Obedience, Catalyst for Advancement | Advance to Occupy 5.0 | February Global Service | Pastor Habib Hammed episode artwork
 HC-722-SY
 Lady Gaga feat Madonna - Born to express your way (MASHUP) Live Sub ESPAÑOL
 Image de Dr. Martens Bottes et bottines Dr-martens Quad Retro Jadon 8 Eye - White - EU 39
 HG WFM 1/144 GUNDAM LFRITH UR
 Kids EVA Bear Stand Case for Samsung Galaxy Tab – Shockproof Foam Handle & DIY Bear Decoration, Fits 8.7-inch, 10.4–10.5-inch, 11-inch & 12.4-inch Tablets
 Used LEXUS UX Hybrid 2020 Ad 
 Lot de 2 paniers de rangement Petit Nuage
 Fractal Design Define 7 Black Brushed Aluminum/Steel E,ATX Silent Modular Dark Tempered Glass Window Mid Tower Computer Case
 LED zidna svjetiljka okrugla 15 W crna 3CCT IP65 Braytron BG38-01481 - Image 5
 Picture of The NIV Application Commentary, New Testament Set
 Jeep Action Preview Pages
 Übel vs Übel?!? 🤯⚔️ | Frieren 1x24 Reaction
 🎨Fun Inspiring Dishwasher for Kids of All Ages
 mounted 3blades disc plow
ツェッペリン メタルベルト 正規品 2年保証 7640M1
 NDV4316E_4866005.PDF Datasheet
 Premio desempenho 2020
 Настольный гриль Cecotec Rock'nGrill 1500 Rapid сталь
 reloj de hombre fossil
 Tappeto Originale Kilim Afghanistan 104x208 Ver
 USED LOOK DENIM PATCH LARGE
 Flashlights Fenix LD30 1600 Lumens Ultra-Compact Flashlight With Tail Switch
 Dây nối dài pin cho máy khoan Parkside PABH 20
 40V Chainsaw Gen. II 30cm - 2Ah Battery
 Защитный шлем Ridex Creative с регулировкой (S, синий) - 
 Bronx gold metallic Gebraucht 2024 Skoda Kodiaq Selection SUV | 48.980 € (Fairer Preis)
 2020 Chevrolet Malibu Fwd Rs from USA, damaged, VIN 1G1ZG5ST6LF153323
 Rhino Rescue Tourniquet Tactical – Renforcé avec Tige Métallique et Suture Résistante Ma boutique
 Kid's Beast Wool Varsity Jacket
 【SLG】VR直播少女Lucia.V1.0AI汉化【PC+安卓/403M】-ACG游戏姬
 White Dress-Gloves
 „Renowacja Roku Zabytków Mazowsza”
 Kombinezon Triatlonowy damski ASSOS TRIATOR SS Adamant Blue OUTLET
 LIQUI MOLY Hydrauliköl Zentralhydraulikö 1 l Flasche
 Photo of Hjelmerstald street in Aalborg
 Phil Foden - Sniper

· · ·

PROBLEM STATEMENT: Print out the whole listing, with every line exactly as it appears.

WRITTEN RESPONSE:
Obedience, Catalyst for Advancement | Advance to Occupy 5.0 | February Global Service | Pastor Habib Hammed episode artwork
 HC-722-SY
 Lady Gaga feat Madonna - Born to express your way (MASHUP) Live Sub ESPAÑOL
 Image de Dr. Martens Bottes et bottines Dr-martens Quad Retro Jadon 8 Eye - White - EU 39
 HG WFM 1/144 GUNDAM LFRITH UR
 Kids EVA Bear Stand Case for Samsung Galaxy Tab – Shockproof Foam Handle & DIY Bear Decoration, Fits 8.7-inch, 10.4–10.5-inch, 11-inch & 12.4-inch Tablets
 Used LEXUS UX Hybrid 2020 Ad 
 Lot de 2 paniers de rangement Petit Nuage
 Fractal Design Define 7 Black Brushed Aluminum/Steel E,ATX Silent Modular Dark Tempered Glass Window Mid Tower Computer Case
 LED zidna svjetiljka okrugla 15 W crna 3CCT IP65 Braytron BG38-01481 - Image 5
 Picture of The NIV Application Commentary, New Testament Set
 Jeep Action Preview Pages
 Übel vs Übel?!? 🤯⚔️ | Frieren 1x24 Reaction
 🎨Fun Inspiring Dishwasher for Kids of All Ages
 mounted 3blades disc plow
ツェッペリン メタルベルト 正規品 2年保証 7640M1
 NDV4316E_4866005.PDF Datasheet
 Premio desempenho 2020
 Настольный гриль Cecotec Rock'nGrill 1500 Rapid сталь
 reloj de hombre fossil
 Tappeto Originale Kilim Afghanistan 104x208 Ver
 USED LOOK DENIM PATCH LARGE
 Flashlights Fenix LD30 1600 Lumens Ultra-Compact Flashlight With Tail Switch
 Dây nối dài pin cho máy khoan Parkside PABH 20
 40V Chainsaw Gen. II 30cm - 2Ah Battery
 Защитный шлем Ridex Creative с регулировкой (S, синий) - 
 Bronx gold metallic Gebraucht 2024 Skoda Kodiaq Selection SUV | 48.980 € (Fairer Preis)
 2020 Chevrolet Malibu Fwd Rs from USA, damaged, VIN 1G1ZG5ST6LF153323
 Rhino Rescue Tourniquet Tactical – Renforcé avec Tige Métallique et Suture Résistante Ma boutique
 Kid's Beast Wool Varsity Jacket
 【SLG】VR直播少女Lucia.V1.0AI汉化【PC+安卓/403M】-ACG游戏姬
 White Dress-Gloves
 „Renowacja Roku Zabytków Mazowsza”
 Kombinezon Triatlonowy damski ASSOS TRIATOR SS Adamant Blue OUTLET
 LIQUI MOLY Hydrauliköl Zentralhydraulikö 1 l Flasche
 Photo of Hjelmerstald street in Aalborg
 Phil Foden - Sniper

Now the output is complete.